CryptoPunks are a set of 10,000 Ethereum-based NFTs, each token corresponding to a unique cartoonish figure. They’re glitchy. They’re kitschy. But some are also worth a ton of money. In February, FlamingoDAO bought an “ultra rare” alien Punk for $762,000. Just two days ago, CryptoPunk #1886 – a zombie character with messy hair and a beard – went for over $1 million worth of ETH. Punks have been auctioned off at Sotheby’s and Christies for millions. Said to be one of the catalysts of the crypto art boom, Punks are sought after for their blockchain-ensured scarcity and computer-generated rarity. No two are alike. It’s that point Ripps attempted to press with his latest artistic statement, an effort to goad Larva Labs into taking copyright action, he said.
On June 29, Ripps listed an NFT titled "CryptoPunk #3100" on Foundation, a near-facsimile of an official punk by the same name. Ripps’s version, which sold for 2.189 ETH (~$4,620 USD), was of slightly higher resolution than the original, which last sold on March 11 for a record-breaking (at the time) 4,200 ETH (~$7,584,485). “This work is a critique of NFT and Larva Labs,” Ripps said. In an Instagram post, he went into further detail about how CryptoPunks are devoid of humanity and have become institutionalized by traditional artistic gatekeepers – like very old auction houses. “The glimmer of what was once ‘punk’ about Cryptopunks [sic] is gone,” he wrote. On July 1, Larva Labs submitted a Digital Millennium Copyright Act (DMCA) takedown notice to Foundation, which was forwarded to Ryder Ripps as required by law, a Foundation representative said. Hours later, Ripps submitted a counterclaim to Foundation saying his work falls under “fair use,” and minted the DMCA takedown notice as an NFT along with Larva Labs’ email. Jason Williams, who also goes by “Parabolic Guy,” bought the work after seeing the controversy flare up on Twitter. CryptoPunk “die-hards” argue that copies would dilute the value of their holdings. Others thought Ripps’ project failed to advance the crypto art movement.
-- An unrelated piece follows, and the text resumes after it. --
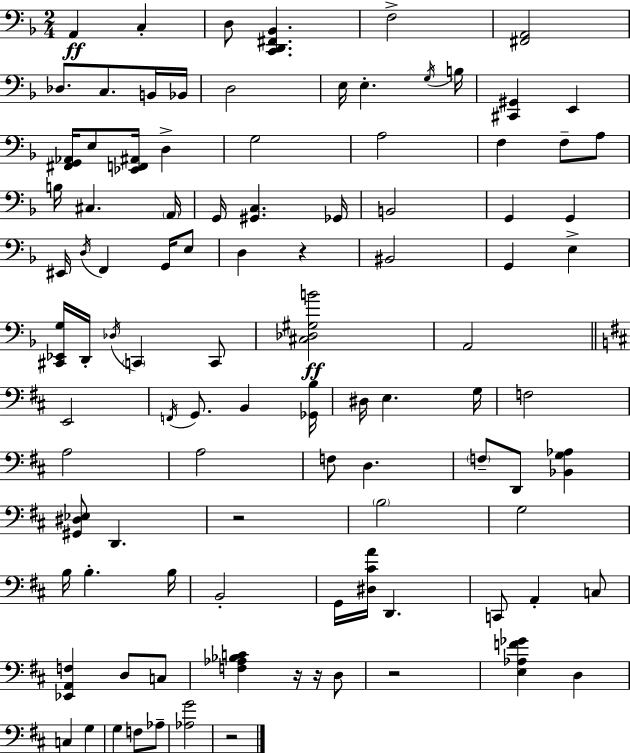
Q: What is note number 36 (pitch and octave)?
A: BIS2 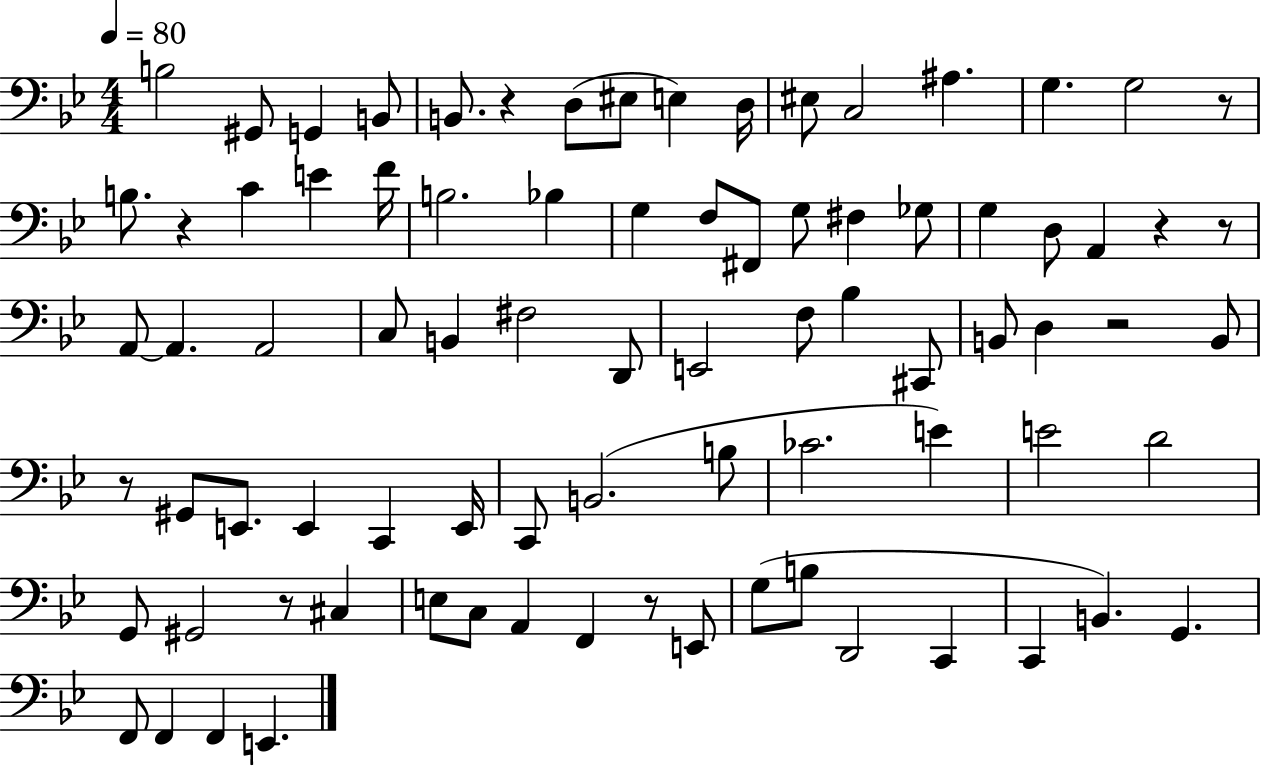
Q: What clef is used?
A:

“As I started to think about it more I figured it would lead to a broader discussion around the DMCA copyright what’s real and what’s not, etc.,” Williams said in a direct message. “And I thought the punk would be very valuable since it is the first DMCA punk that Larva Labs took action against.”
There have been other punk copycat projects. CryptoPhunks, for one, markets itself as “Punks that Larva Labs does not want you to own.” The project was taken off OpenSea initially but has found a workaround for now. Then there's the mirror world series hosted on Binance Smart Chain. Part of the issue is that NFTs provide buyers with ownership of a digital token, but not necessarily the work to which the token corresponds. Just as when you buy a painting, that doesn't mean you can sell the image in the painting to McDonald's to use as wallpaper in an Egg McMuffin ad. This is a boundary that Ripps has pressed in the past. Although a work of art may not improve upon or transform an original physically, which is a typical stipulation of fair use, it could be introducing a new artistic thought. “Welcome to the annoying world of conceptual art,” Ripps wrote.
–D.K.
Brady Dale contributed reporting.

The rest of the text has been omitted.